● Your objective: Below are the records; give again exactly the lines from the one containing "A rooftop terrace" through the one containing "Modella con un", leaving out pictures.

● Data extract:
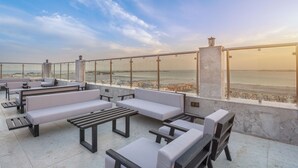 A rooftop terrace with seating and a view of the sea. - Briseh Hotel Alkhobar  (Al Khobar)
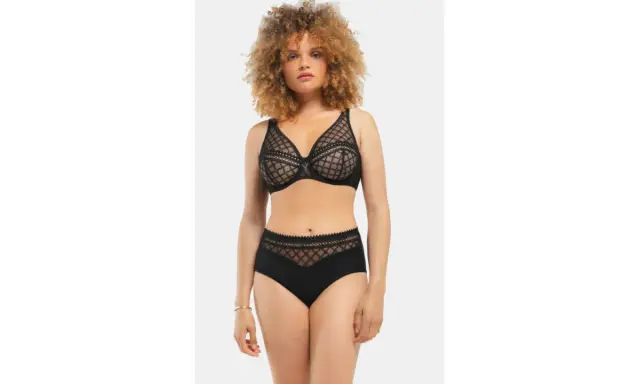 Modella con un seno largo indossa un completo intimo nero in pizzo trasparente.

---

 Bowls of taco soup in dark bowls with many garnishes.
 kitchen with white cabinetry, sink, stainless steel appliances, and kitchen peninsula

● Solved exercise:
 A rooftop terrace with seating and a view of the sea. - Briseh Hotel Alkhobar  (Al Khobar)
 Modella con un seno largo indossa un completo intimo nero in pizzo trasparente.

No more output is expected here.